THE GREAT ANIMAL ORCHESTRA

Finding the Origins of Music in the World's Wild Places

by Bernie Krause

Pub Date: March 19th, 2012
ISBN: 978-0-316-08687-5
Publisher: Little, Brown

Krause (Wild Soundscapes: Discovering the Voice of the Natural World, 2002, etc.) chronicles his experiences with “[n]atural soundscapes…the voices of whole ecological systems.”

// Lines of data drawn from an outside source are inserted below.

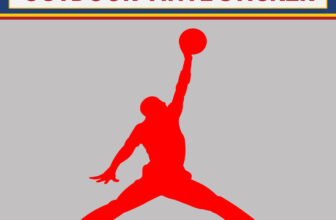 Jordan Jump man Die Cut, High Quality Vinyl Stickers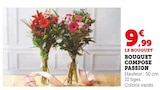 Bouquet Composé Passion en promo chez U Express Bastia à 9,99 €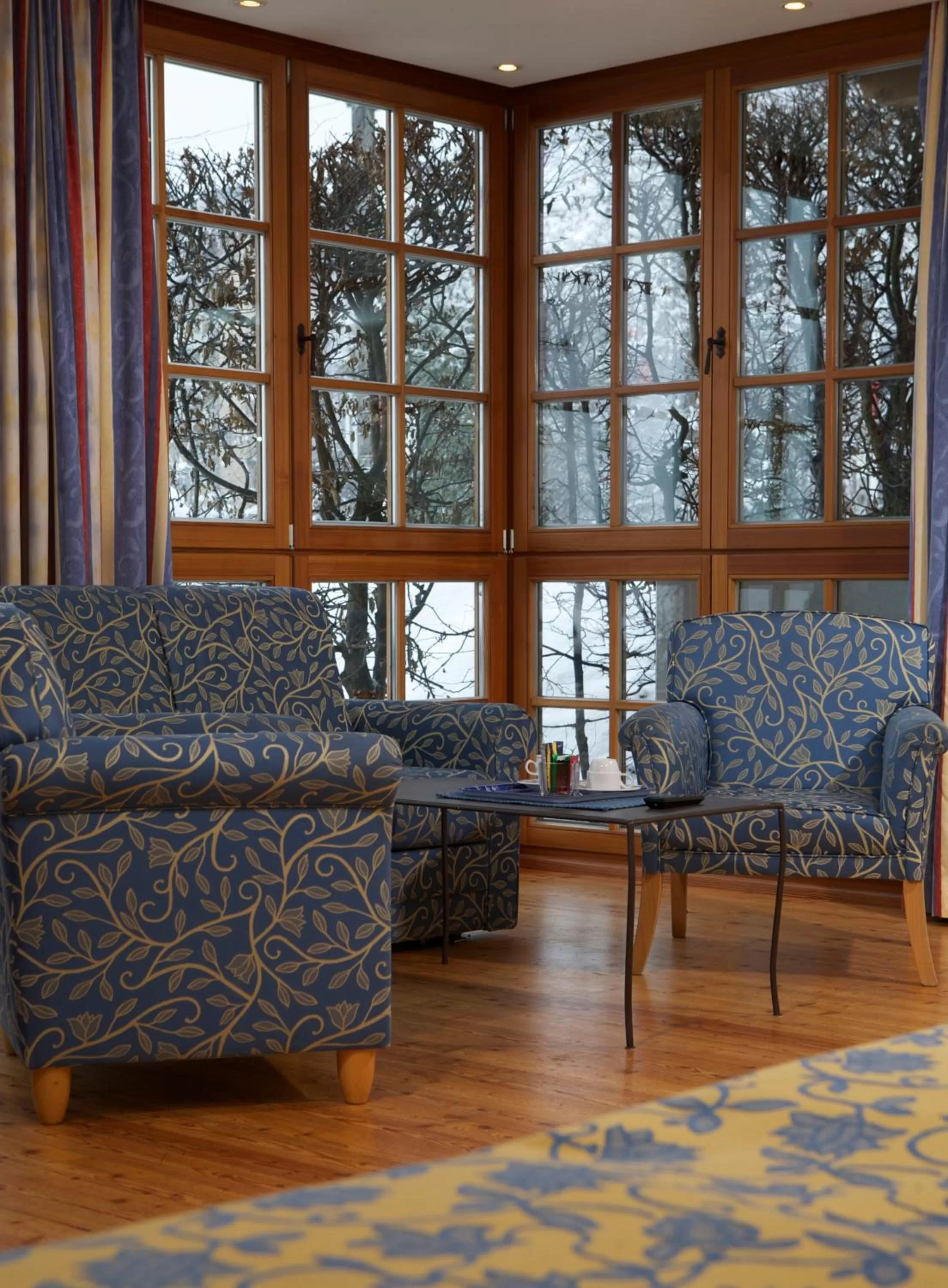 Seating area in Seevilla Freiberg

A professional musician since 1964, the author became fascinated with the possibilities created by modular synthesizers. He moved to California where he conducted workshops in electronic music and worked as a sound engineer for film studies, providing sound background for Rosemary's BabyApocalypse Now and other films. He also recorded In a Wild Sanctuary, “the earliest musical piece to use long segments of wild sound as components of orchestration, and also the first to feature ecology as its theme.” Krause learned to use stereo headphones, microphones and a portable recording system to record natural scenes, and he often recorded scenes at varying distances, tuning to different acoustic levels and frequencies to re-create an auditory image of a scene without the aid of visual cues, which ordinarily assist our hearing by screening out certain sounds while focusing on others. In this way he created a “soundscape” of a particular location. He captured the organ-like sounds of reeds and wind in northern Oregon, and his first scientific commission, after he received a doctorate in bio-acoustics, was the sound background for an exhibit of a waterhole in Kenya. In the years since, Krause’s study of different habitats has led him to conclude that “creatures vocalize in distinctive kinship with another,” each establishing its own sound niche and creating the rhythms of “the natural world.”

An imaginative introduction to a new dimension of the natural world.